И Устинов занялся своей ногой.

Хотя она и была похожа на Соловка — рабочая, неприхотливая, но, заболев, желала обихода. Надо ее, выздоравливающую, раздеть, умыть, лекарственной травкой покормить, снова запеленать. Всё сделать старательно, а тогда за ней не пропадет.

Устинов начал было со своей ногой стараться и тут же остановился — как же он один-то? И он окликнул-таки Домну. Она догадалась, зачем окликнута, вошла с тазиком и с узелком, в узелке — травки лекарственные.
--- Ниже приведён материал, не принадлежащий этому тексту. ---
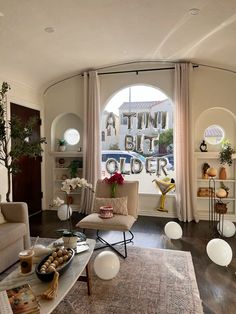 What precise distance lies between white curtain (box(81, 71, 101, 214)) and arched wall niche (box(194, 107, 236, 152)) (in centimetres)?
196

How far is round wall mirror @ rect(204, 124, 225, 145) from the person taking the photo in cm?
452

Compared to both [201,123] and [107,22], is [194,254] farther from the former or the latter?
[107,22]

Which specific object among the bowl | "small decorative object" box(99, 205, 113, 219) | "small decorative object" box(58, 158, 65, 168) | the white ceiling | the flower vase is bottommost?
the bowl

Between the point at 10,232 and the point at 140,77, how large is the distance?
3599 millimetres

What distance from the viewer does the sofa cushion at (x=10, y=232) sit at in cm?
252

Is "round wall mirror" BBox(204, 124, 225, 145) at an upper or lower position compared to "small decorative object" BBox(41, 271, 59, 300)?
upper

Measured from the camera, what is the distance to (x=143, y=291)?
223 centimetres

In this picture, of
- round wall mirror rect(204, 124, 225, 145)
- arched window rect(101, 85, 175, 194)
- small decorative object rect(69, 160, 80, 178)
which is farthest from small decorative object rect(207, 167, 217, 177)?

Рваная рана на устиновской ноге хорошо и даже как-то весело затягивалась розовой кожицей, подмигивала Устинову: «Ладно уж — живи, живи, мужик! Живи — не задумывайся!» Домна помыла ногу и начала заново обкладывать ее травками. Были тут разные листочки — подорожника, была сушеница и еще какие-то зубчатые, почти что круглые. Устинов хотел спросить у Домны: что за листочки? — но не спросил, и она молча, быстро делала свое дело. Когда же сказала одно-другое слово, опять Устинову послышался всё тот же, изнутри голос, не совсем знакомый, хотя и Домнин.

И Устинов снова растревожился: кончался бы нынешний день поскорее, что ли? Слишком уж много в нем разных загадок, в Домнином голосе и то звучат. Остаться бы скорее одному снова, да тотчас бы и уснуть. Без всяких мыслей, без всяких догадок.

Но Домна не ушла. Перевязала Устинову ногу, погладила его по голове да и сама легла рядом.